* _YOUR GOAL_
Copy word for word the lines in the records below, starting at the line with "Pipe ensoleillée dans" and ending at the line with "Реальные фото Roomer". Skip the pictures.

* _DATA LISTING_
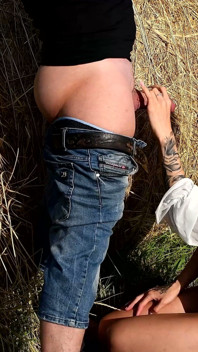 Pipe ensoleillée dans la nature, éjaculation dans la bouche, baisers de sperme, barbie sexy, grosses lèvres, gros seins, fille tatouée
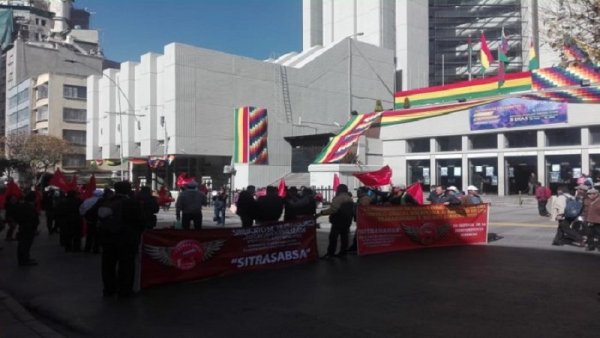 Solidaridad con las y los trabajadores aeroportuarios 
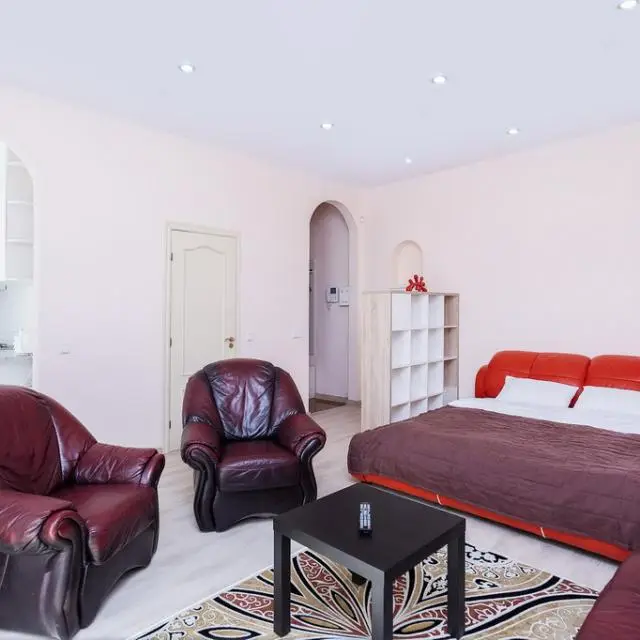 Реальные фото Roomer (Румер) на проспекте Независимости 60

==

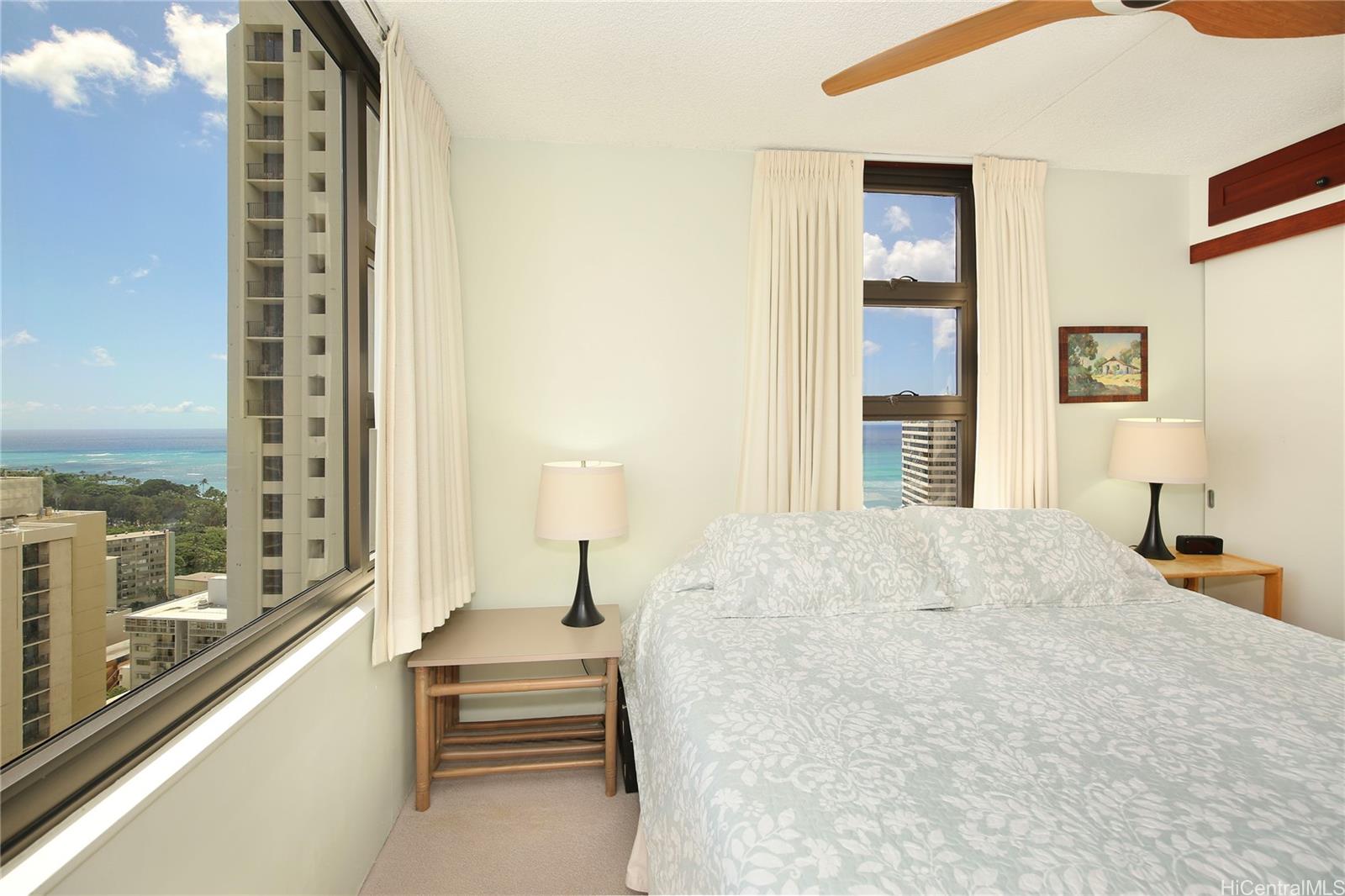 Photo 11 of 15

* _RESPONSE TO THIS EXERCISE_
 Pipe ensoleillée dans la nature, éjaculation dans la bouche, baisers de sperme, barbie sexy, grosses lèvres, gros seins, fille tatouée
 Solidaridad con las y los trabajadores aeroportuarios 
 Реальные фото Roomer (Румер) на проспекте Независимости 60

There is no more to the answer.